William let the gesture lie. “Could have been anybody. Lots of folks knew Johnny took that road home from the sawmill every night. Being the way he was, he’d be easy pickin’s. A stranger could have done it, would have known once he had a word or two with the boy that he wasn’t right in the head.”

“Could have, but didn’t,” Josh said, and with the words came a chill that William sensed in spite of the flames at the tavern’s hearth and the bursts of laughter and easy talk that hummed around them.

“So what are you saying, Josh?” William asked, and then was distracted by Louisa tugging on his sleeve. Her doll, she explained, had suffered a hurt leg when Callie had deliberately dropped her from a dangerous height. William took out his handkerchief and dried Louisa’s tears and then wrapped the doll leg, glancing at Josh and at the rag leg he was tending and then across the room where he’d seen Josh look. Finishing the job, he handed Louisa the doll and told her to run along, but instead she climbed into his lap and lay against him, sucking her thumb and stroking the wounded doll.

“You’re saying it’s somebody we know,” William continued when Josh showed no sign of answering his question. “You’re saying it’s somebody in this taproom, if I’m reading you right.”

“You see that group over yonder?” Josh asked, and dipped his head in their direction again. “Wendell Pike, Jimmy Galton, Eddie Bishop, and all them boys around Mary Ann Graves?”

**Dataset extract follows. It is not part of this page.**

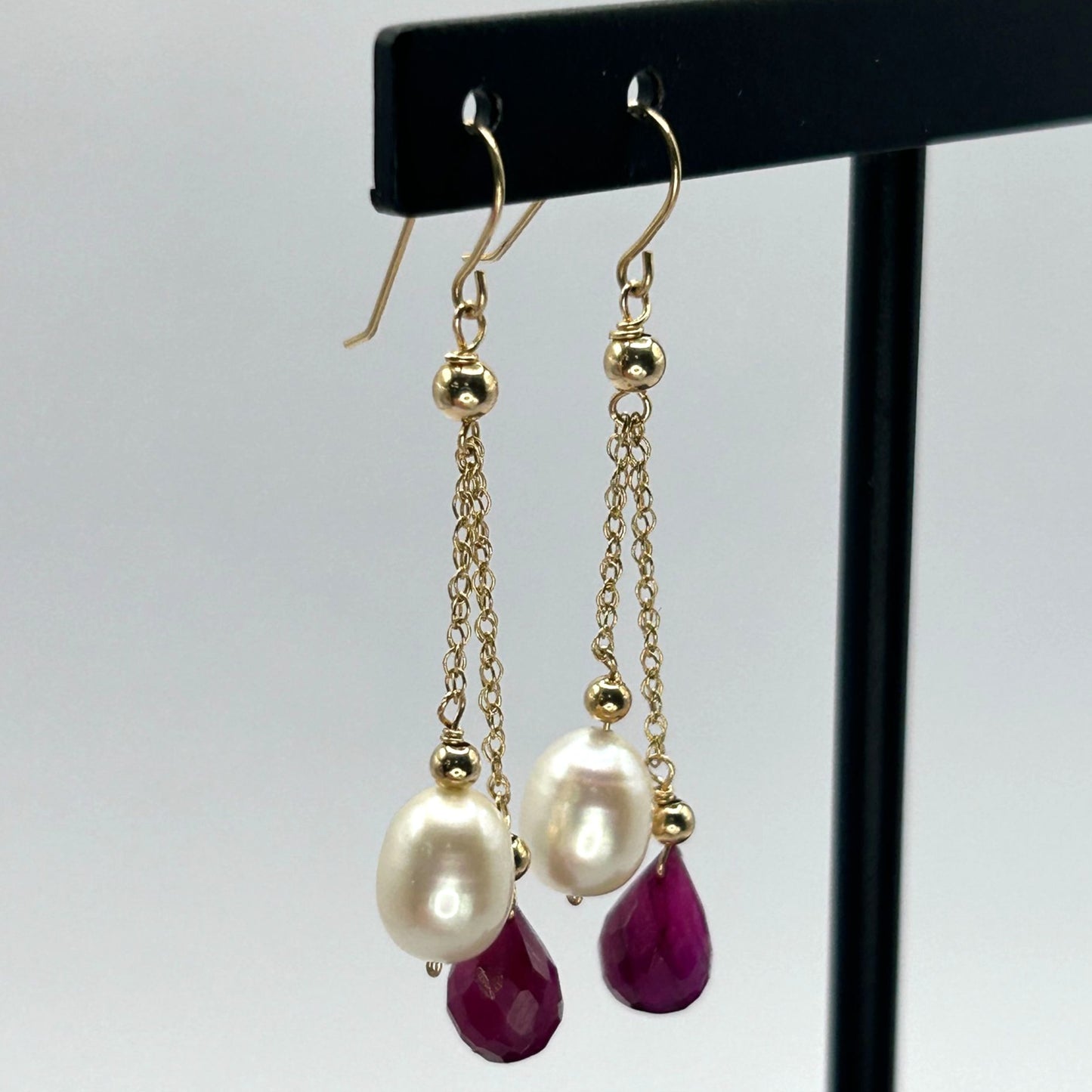 14k Yellow Gold Pearl & Created Ruby Dangle Drop Earrings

“I see ’em,” William said. “I’d be blind and deaf not to, the way they’ve been cutting up all night.”

“Well, I been watching them, both before you got here and since. They been cutting up all right, trying to impress that girl, mainly with fancy talk. But some of that fancy talk, a lot of it, I’d say, has centered around Eddie and Wendell and something Eddie keeps bringing out and dangling around to show everybody. I got a good look at it once, when I went out back. It’s a watch.”

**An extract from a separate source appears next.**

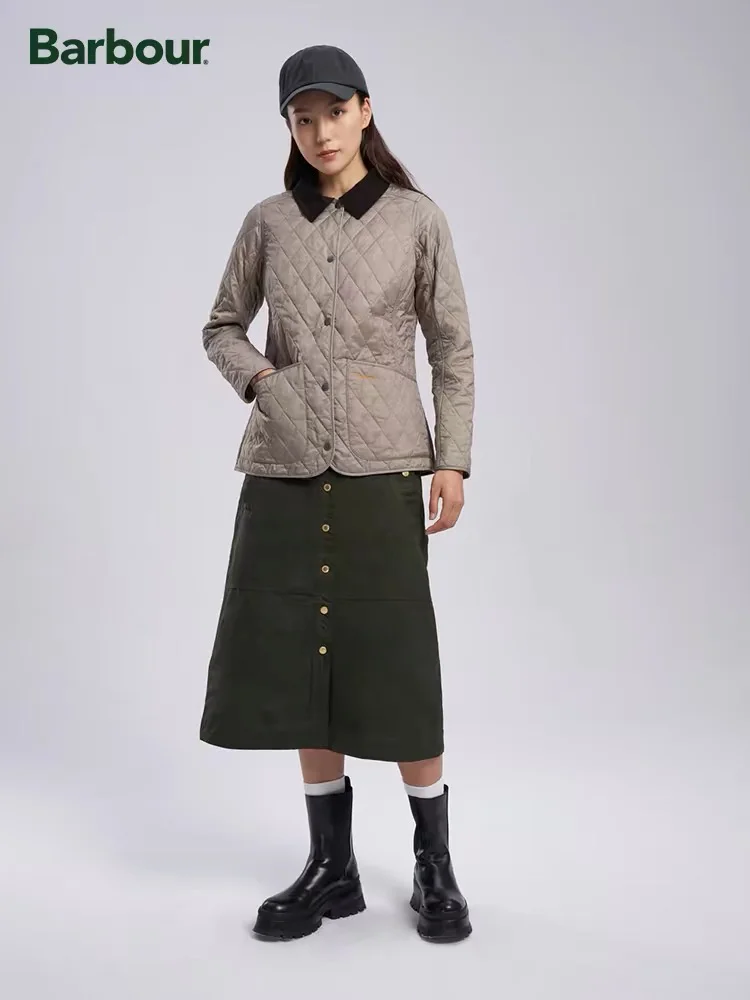 Barbour mid-length cotton jacket for women 2024 autumn and winter new corduroy collar diamond plaid jacket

“Lots of folks have watches, Josh.”

“That’s so. But what’s so dang funny about that one? He’s showing it off like a square nickel.”

“Could be new to him. Could be his daddy’s or his granddaddy’s or he just bought it himself.”

“It’s new to him, all right. Newly filched off of Johnny Grant’s body. You know and I know that his daddy, being both a drunkard and poor as Job’s turkey, didn’t buy that boy no new watch to show off like that.”

“Maybe the boy bought it himself. He works at the sawmill, doesn’t he?”

“He turns up at the sawmill now and again and Wendell’s daddy might give him a day or two of work if he has it, but that’s hardly enough to go buying a fancy watch when your daddy barely makes enough to keep his own body and soul together, let alone his children’s. That’s Johnny’s watch, I’d bet my head on it.”

“Rather than bet your head, why not talk to the sheriff ?” William said. He felt Louisa flinch in his lap when the group in the corner burst into laughter. When she put both fists over her ears and began to whimper, he knew his time at the tavern was almost over.